India’s moon rover has confirmed the presence of sulphur and detected several other elements on the southern pole of the Moon, according to a statement from the Indian Space Research Organisation (ISRO).
“The Laser-Induced Breakdown Spectroscopy (LIBS) instrument onboard Chandrayaan-3 Rover has made the first-ever in-situ measurements on the elemental composition of the lunar surface near the south pole,” ISRO said in a statement recently.
“These in-situ measurements confirm the presence of sulphur in the region unambiguously, something that was not feasible by the instruments onboard the orbiters,” it said.
Sulphur is an extremely crucial element for human survival. It is very rare on the Moon, which makes this finding groundbreaking, as it could also mean that there is a possibility of finding water ice.
Spectrographic analysis by ISRO also confirmed that lunar surface’s composition includes aluminum, calcium, iron, chromium, and titanium.

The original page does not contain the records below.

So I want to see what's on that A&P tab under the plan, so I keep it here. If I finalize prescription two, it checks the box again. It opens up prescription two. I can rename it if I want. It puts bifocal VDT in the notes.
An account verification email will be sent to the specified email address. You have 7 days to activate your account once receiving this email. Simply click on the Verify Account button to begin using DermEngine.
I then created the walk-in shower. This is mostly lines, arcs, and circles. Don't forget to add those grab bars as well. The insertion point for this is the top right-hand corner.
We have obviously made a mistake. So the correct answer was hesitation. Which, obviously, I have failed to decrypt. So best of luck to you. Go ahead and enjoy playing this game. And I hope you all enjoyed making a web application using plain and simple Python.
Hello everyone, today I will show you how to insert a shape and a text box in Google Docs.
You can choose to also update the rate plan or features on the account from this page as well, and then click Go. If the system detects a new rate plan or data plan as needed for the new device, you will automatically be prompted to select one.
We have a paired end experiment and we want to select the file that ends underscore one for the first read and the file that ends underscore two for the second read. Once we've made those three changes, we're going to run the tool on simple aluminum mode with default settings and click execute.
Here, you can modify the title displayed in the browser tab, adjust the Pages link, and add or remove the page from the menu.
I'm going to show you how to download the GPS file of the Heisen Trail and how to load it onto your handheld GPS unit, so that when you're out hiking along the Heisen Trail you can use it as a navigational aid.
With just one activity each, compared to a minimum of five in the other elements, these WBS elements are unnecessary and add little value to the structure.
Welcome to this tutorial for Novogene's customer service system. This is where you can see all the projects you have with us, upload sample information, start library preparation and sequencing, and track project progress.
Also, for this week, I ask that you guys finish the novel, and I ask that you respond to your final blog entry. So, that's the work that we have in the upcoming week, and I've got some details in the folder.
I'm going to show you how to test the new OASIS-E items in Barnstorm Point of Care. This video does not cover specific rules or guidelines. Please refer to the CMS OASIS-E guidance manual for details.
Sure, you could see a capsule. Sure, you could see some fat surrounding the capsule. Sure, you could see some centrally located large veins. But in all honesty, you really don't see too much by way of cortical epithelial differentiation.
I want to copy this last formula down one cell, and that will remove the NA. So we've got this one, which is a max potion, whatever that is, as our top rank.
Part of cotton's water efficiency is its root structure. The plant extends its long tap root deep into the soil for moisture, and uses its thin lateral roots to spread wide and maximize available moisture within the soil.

Additionally, further measurements revealed the existence of manganese, silicon, and oxygen.
ISRO also revealed that thorough investigation with respect to the presence of Hydrogen is currently underway.
India achieved a significant milestone last week by becoming the first country to successfully land a spacecraft in the relatively unexplored southern polar region of the Moon. This achievement solidified India’s position as the fourth nation to accomplish a lunar landing.